Poirot tersenyum. Katanya, "Istri yang cemburu - itu kalimat yang menyatakan kebenaran... seperti
pepatah. Tapi dengar apa yang akan saya katakan. Berdasarkan pengalaman saya,
rasa cemburu - betapapun kelihatannya tidak masuk akal atau mengada-ada -
sesungguhnya, hampir selalu didasarkan pada kenyataan. Ada pepatah, bukan, yang
menyatakan bahwa pembeli selalu benar" Well, ini sama halnya dengan suami atau
istri yang cemburu. Meskipun bukti-bukti konkretnya amat sedikit, tetapi secara
fundamental itu benar, alias kenyataannya memang demikian."
Dr. Oldfield menyahut dengan sikap gagah, "Nonsens. Saya tak pernah mengatakan
apa-apa pada Jean Moncrieffe yang tak bisa didengar istri saya."

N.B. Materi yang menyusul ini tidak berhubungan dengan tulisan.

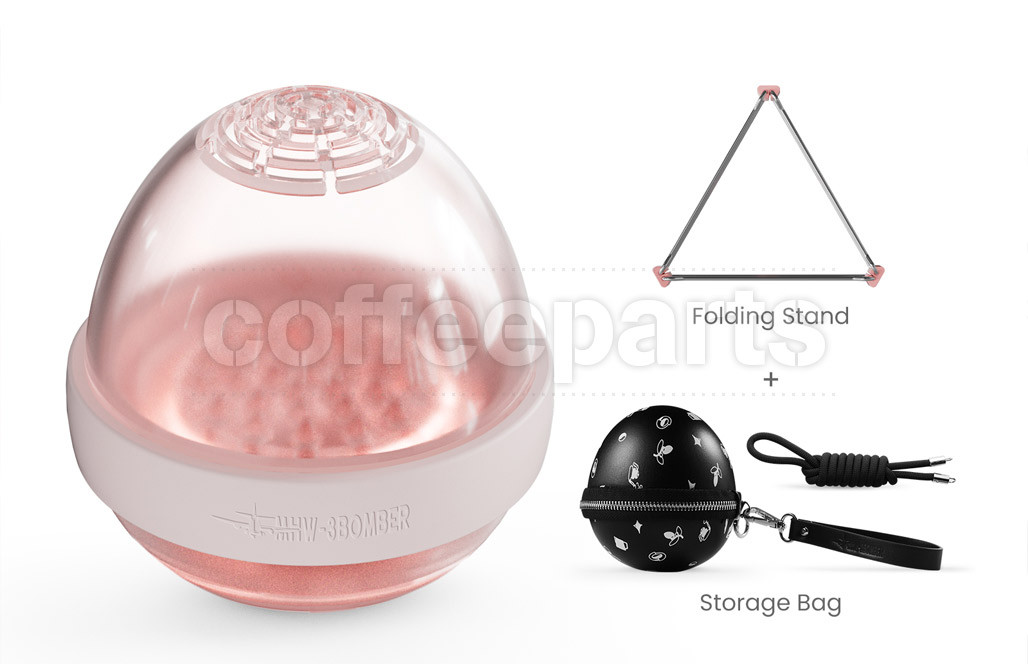 MHW Eggonaut Travel Coffee Dripper: Pink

"Ya, dalam hal itu Anda mungkin benar. Tetapi itu tidak mengubah kebenaran
seperti yang saya katakan tadi." Hercule Poirot mencondongkan badannya ke depan.
Suaranya terdengar mendesak dan menekan. "Dr. Oldfield, akan saya kerahkan
kemampuan saya untuk menyelesaikan kasus ini, tetapi saya harus memperoleh
kebenaran dari mulut Anda - kebenaran mutlak - tanpa mempertimbangkan hal-hal lain,
bahkan tidak juga perasaan Anda sendiri. Kalau saya tidak keliru, benarkah Anda
telah agak lama mengabaikan istri Anda sebelum dia meninggal?"

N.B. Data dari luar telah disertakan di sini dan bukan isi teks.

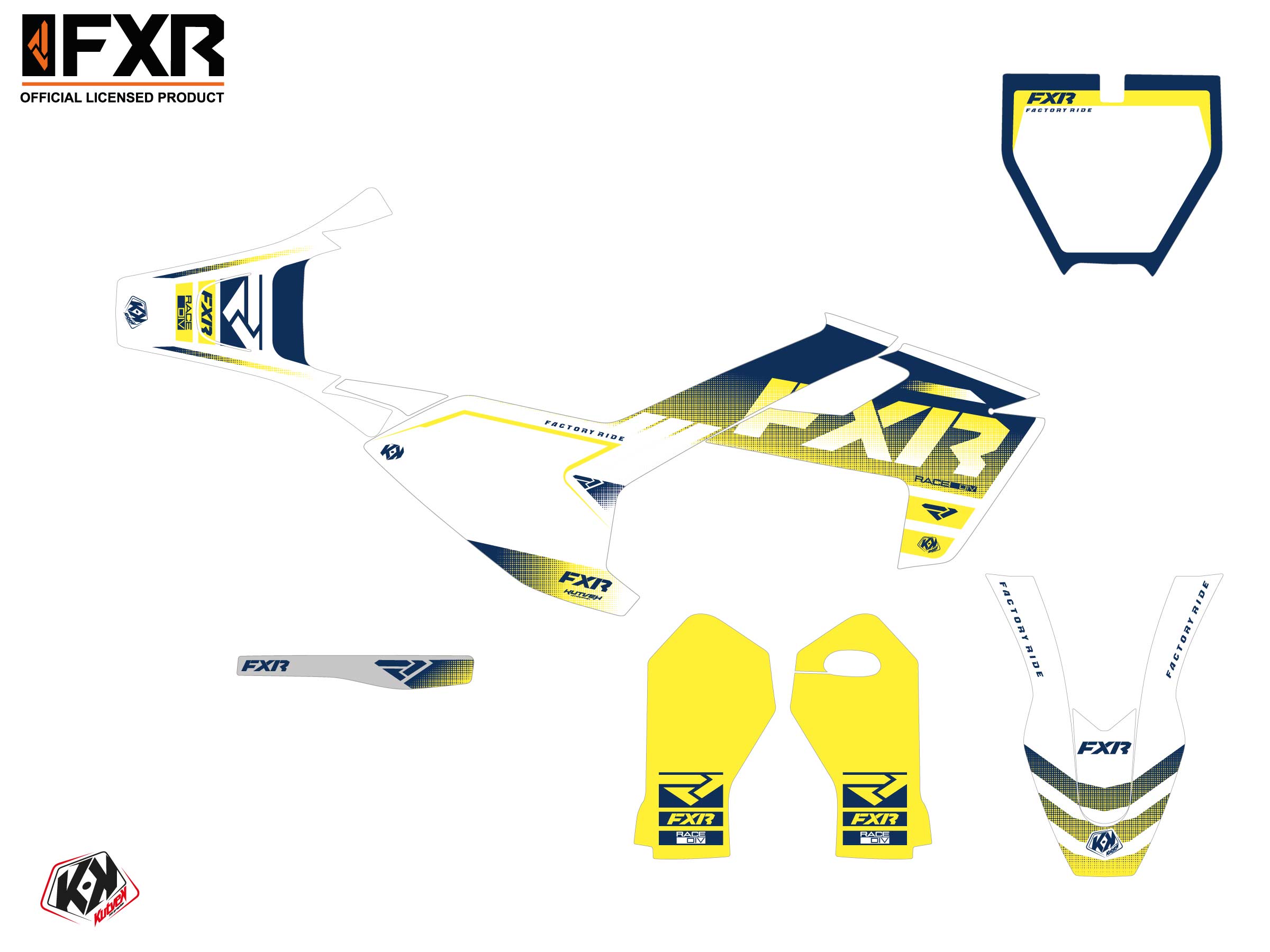 Husqvarna Ee 5 Dirt Bike Fxr Revo Graphic Kit White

Oldfield diam satu-dua menit lamanya. Kemudian ia berkata, "Urusan ini membuat
saya hancur. Saya harus punya harapan. Entah bagaimana, saya punya perasaan
bahwa Anda akan bisa menolong saya. Karenanya, saya akan berterus terang kepada
Anda, M. Poirot. Saya sebenarnya tidak mencintai istri saya. Saya rasa, saya ini
suami yang cukup baik, tetapi tidak benar-benar mencintainya."
"Dan gadis itu - Jean?"
Dahi Dr. Oldfield basah oleh keringat dingin yang tiba-tiba menyembul keluar.
Katanya. "Saya... seharusnya saya segera meminangnya, tetapi karena skandal
ini..." Poirot menyandarkan punggungnya. Katanya, "Nah, setidak-tidaknya sekarang saya
bisa berpegang pada fakta dan kebenaran! Eh bien, Dr. Oldfield, saya akan
menangani kasus Anda. Tapi ingat, saya hanya akan mencari kebenaran!"

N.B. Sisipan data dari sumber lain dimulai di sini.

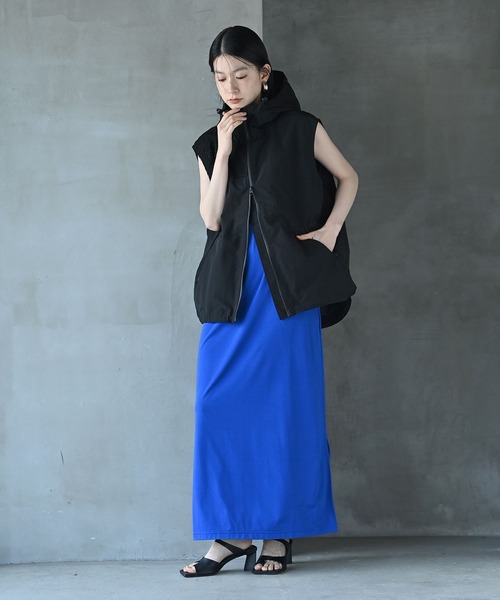 funda mine（ファンダマイン）の「ナイロンフードベスト（ベスト・レディース・ブラック・FREE）」の8枚目の写真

Oldfield berkata dengan nada pahit, "Bukan kebenaran yang akan menyakitkan
saya!" Ia ragu-ragu sebentar, kemudian melanjutkan, "Saya telah merenungkan kemungkinan
bertindak dan mengajukan tuntutan! Seandainya saya bisa mengetahui sumbernya dan
mengajukan tuduhan yang berdasar terhadap orang itu... saya pasti akan menang.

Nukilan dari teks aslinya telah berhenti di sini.